There are too many options, price points, and hardware technical details to do it by shopping online or by phone, unless you’re dealing with a very patient and knowledgeable hydroponics expert.
In my experience, the best way to control marijuana smell is to use methods one and two together.
Have a stand-alone carbon or ultraviolet scrubber in the room, and have an inline carbon, ultraviolet, or ozone scrubber inline with the room’s exhaust.
Don’t use ozone generators as a stand-alone in your indoor grow room, especially if the room isn’t vented.
Professional ozone generators are great for removing odors, but high ozone concentration quickly damages or even kill your plants, and is also unsafe for you.
It’s safe to use ozone filters inline so ozonated air is immediately exhausted out of your grow room.
Equipment and supplies for controlling marijuana smell start out costing a couple hundred dollars (fan, filter, ducting, flanges, duct silencers, etc.).
They cost ongoing money due to electricity usage, and from having to replace filters, ozone plates, ultraviolet bulbs, fans, etc. as they wear out.

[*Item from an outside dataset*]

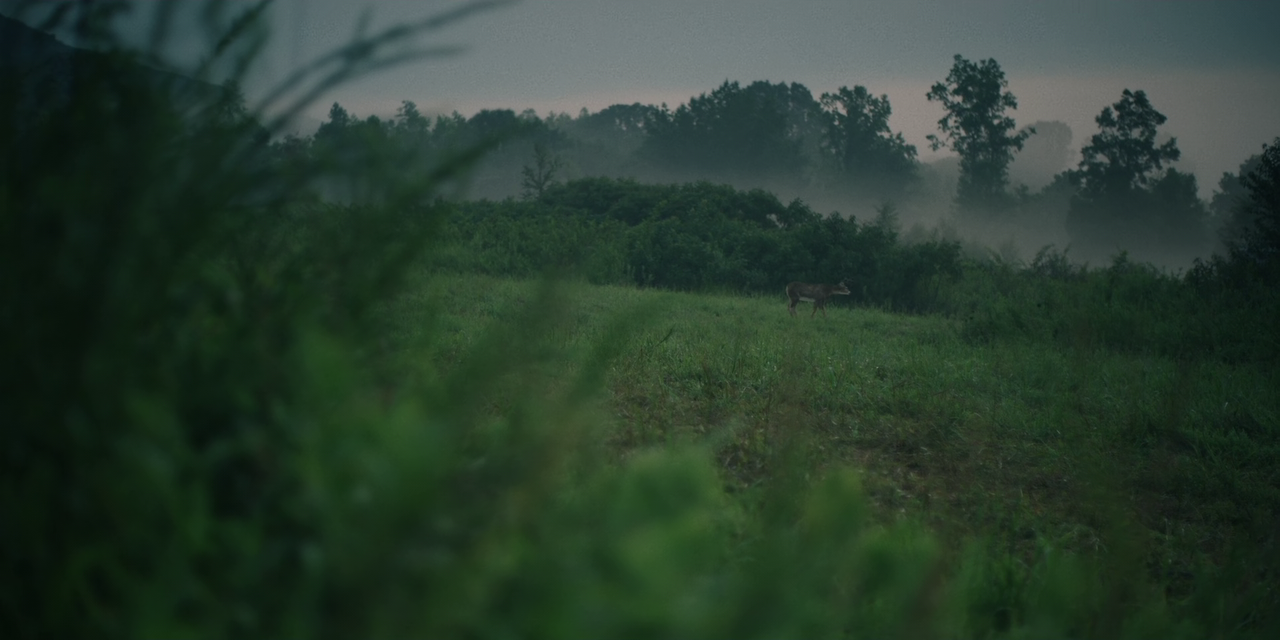 The Outsider (2020) S01E04 A Wide Place in the Road 1080p AMZN Webrip x265 10bit EAC3 5.1 - Ainz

Watch the videos in this article before you start shopping for or changing your grow room odor control tactics.
Most marijuana strains grown properly have strong marijuana smell that can get you narked, busted, or robbed.
Invest in cannabis odor control after doing lots of research.
Grow room marijuana smell control cleans your plants’ air, creates cleaner buds, and gets rid of a huge security risk.